Given data:
————————
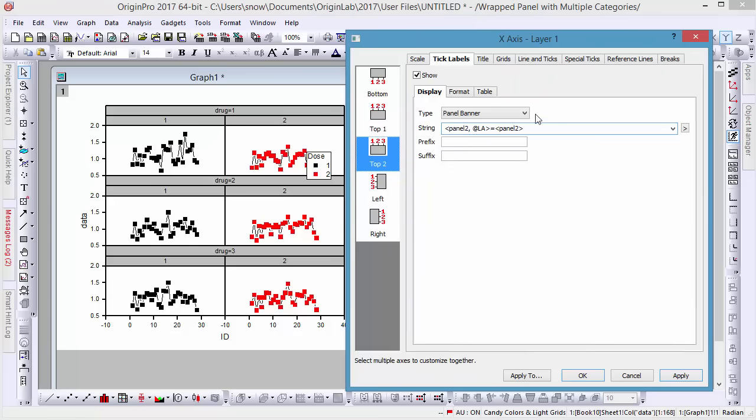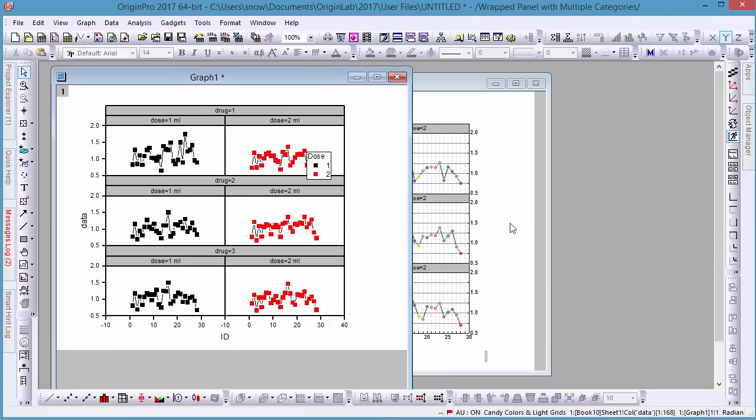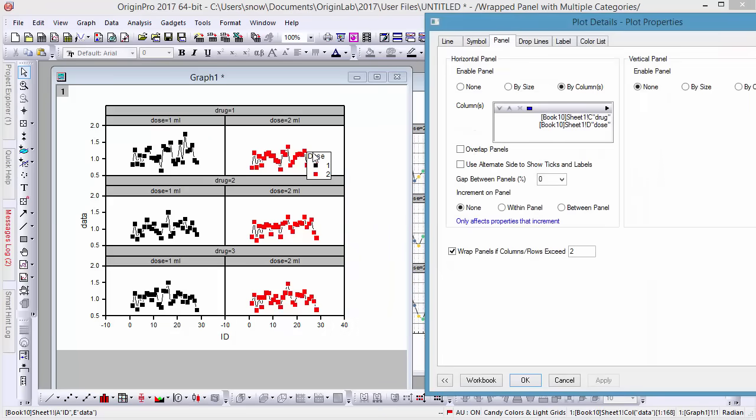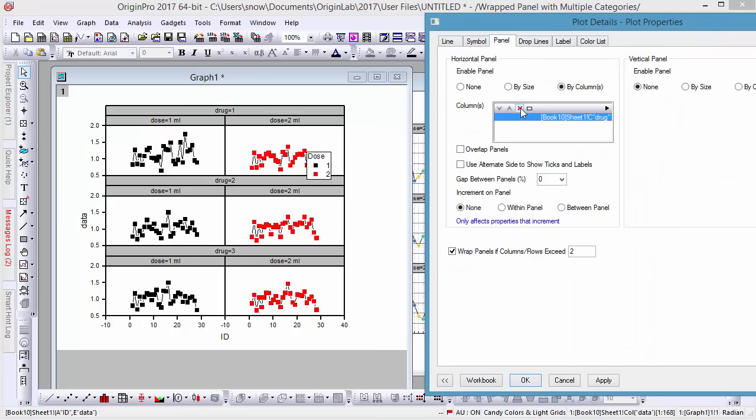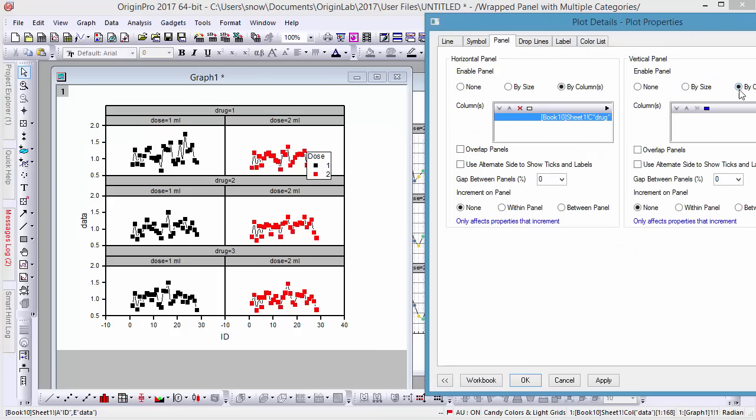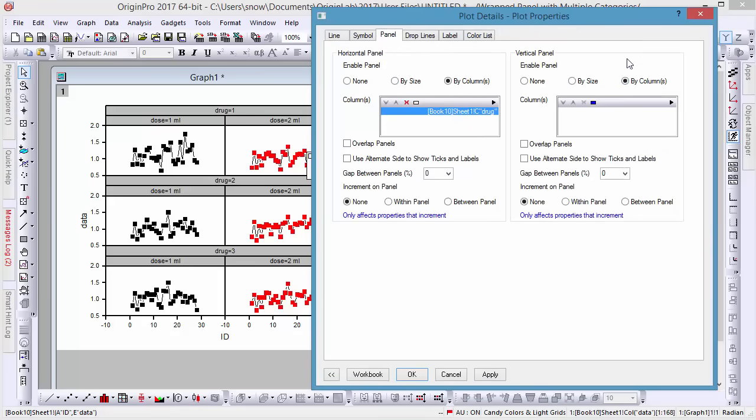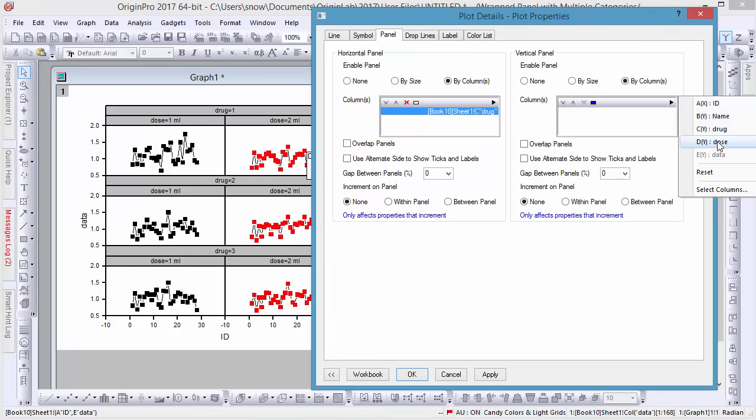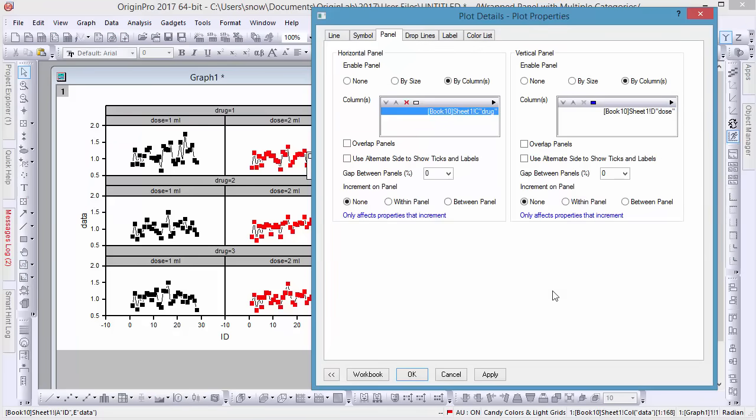Should you decide to remove one of the panel variables altogether, you can always go back to the Panel tab in the Plot Details dialog and add or remove the column variables from there. In this example, we'll remove the Dose column from the Horizontal panel and add it to the Vertical panel, making the graph show 2x3 panels.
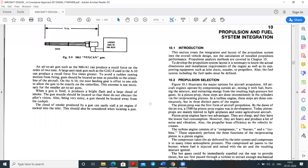In the propulsion and fuel system integration, air is sucked in through the compressor where it is compressed. By compressing the air, we are increasing the pressure — this type of compression is called isentropic compression, which is an adiabatic and reversible process. Once compression occurs, the air is sent to the combustion chamber where air and fuel mix, and pressure remains constant — this is called an isobaric heat addition process.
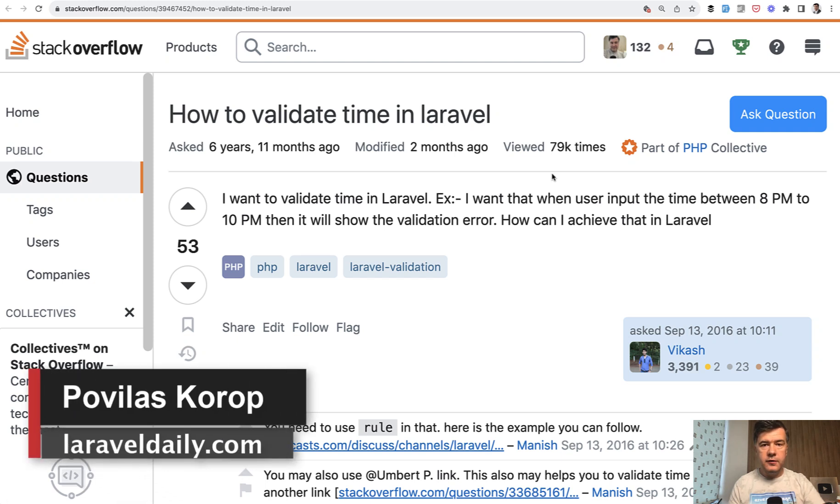Hello guys, today we'll have a short video about validation in Laravel and specifically about validating time.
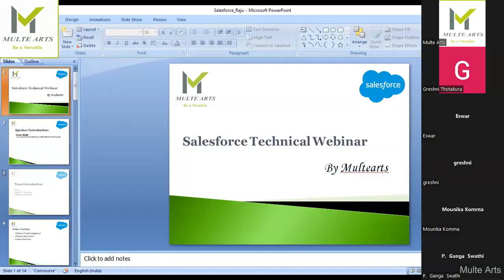Good morning everyone. Today's topic is a Salesforce technical webinar. Let's talk about what Salesforce is, how this application has been built using cloud computing, and what things are involved. It's a completely technical webinar session today.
————————
Your objective:
The expected response is every line of the material, written out exactly, with the images removed.

Problem solution:
Should you decide to remove one of the panel variables altogether, you can always go back to the Panel tab in the Plot Details dialog and add or remove the column variables from there. In this example, we'll remove the Dose column from the Horizontal panel and add it to the Vertical panel, making the graph show 2x3 panels.
In the propulsion and fuel system integration, air is sucked in through the compressor where it is compressed. By compressing the air, we are increasing the pressure — this type of compression is called isentropic compression, which is an adiabatic and reversible process. Once compression occurs, the air is sent to the combustion chamber where air and fuel mix, and pressure remains constant — this is called an isobaric heat addition process.
Hello guys, today we'll have a short video about validation in Laravel and specifically about validating time.
Good morning everyone. Today's topic is a Salesforce technical webinar. Let's talk about what Salesforce is, how this application has been built using cloud computing, and what things are involved. It's a completely technical webinar session today.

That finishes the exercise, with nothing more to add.